Dikhawatirkan penerapan Presidential Threshold adalah permainan politik partai-partai besar dalam membuat konspirasi jahat untuk menghalangi peluang bagi munculnya calon presiden dan wakil presiden lain di luar partainya. Sehingga menurut hemat penulis, pemberlakuan Tresidential Threshold ini sudah tidak relevan lagi jika masih di terapkan dalam sistem pemilihan umum presiden dan wakil presiden di Indonesia yang terkesan inkonstitusional. Jika benar inkonstitusional, maka kacaulah sistem pemerintahan bangsa ini, sebab pemimpin negaranya saja tidak mempunyai legitimasi dalam menjalankan roda pemerintahan.

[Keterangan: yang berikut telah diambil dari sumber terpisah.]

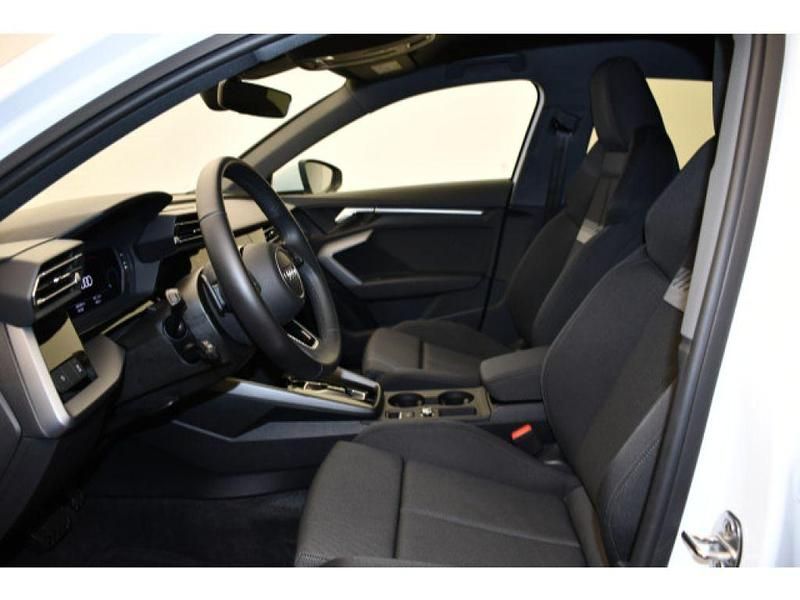 Gebraucht Audi A3 150 PS (110 kW) 2024 Arkonaweiß Limousine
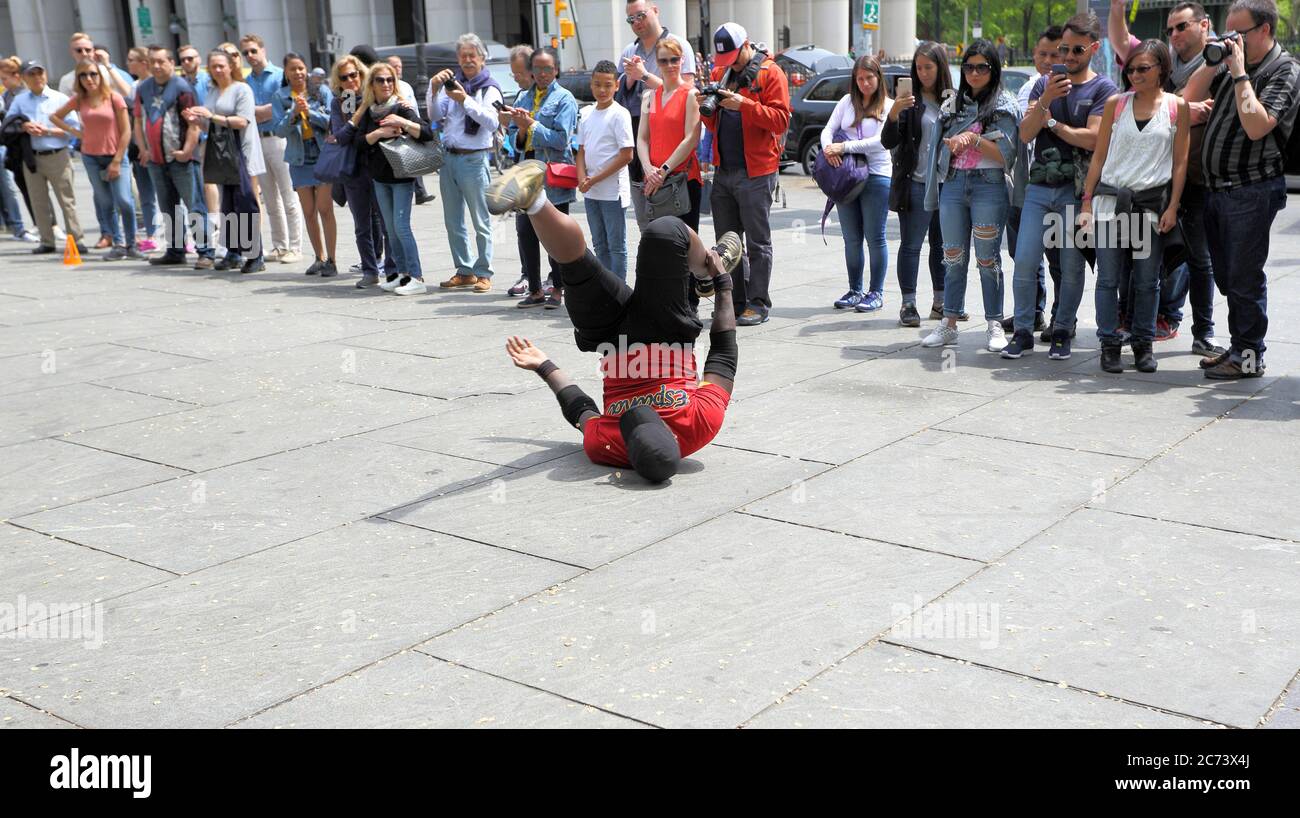 New York City, Manhattan. 05.07.2018. Crowd Watching Break Dancer , Hip Hop, Street Dancer Performer, im Battery Park. Stockfoto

Penghapusan ambang batas pencapresan menjadi salah satu solusi konkret yang dapat menghadirkan putra-putri terbaik dari setiap partai politik, dengan tidak mengesampingkan proses berbangsa dan bernegara yang sudah seharusnya kita junjung tinggi. Penulis percaya bahwa setiap partai politik pasti memiliki cita-cita yang sangat tulus untuk bersama membangun bangsa, namun oknum yang mengotori partai politik haruslah dibersihkan. Penghapusan ambang batas pencapresan adalah salah satu itikad baik apabila kita memang ingin memperbaiki bangsa secara bersama-sama. Marilah kita sama-sama mencari calon pemimpin bangsa yang mampu menyentuh hati dan merangkul nurani tiap-tiap masyarakat Indonesia dan dapat bertindak arif bijaksana menuju Indonesia aman sejahtera.
Penulis : Atan Darham
Mahasiswa semester 2
Ilmu Hukum Universitas Lancang Kuning.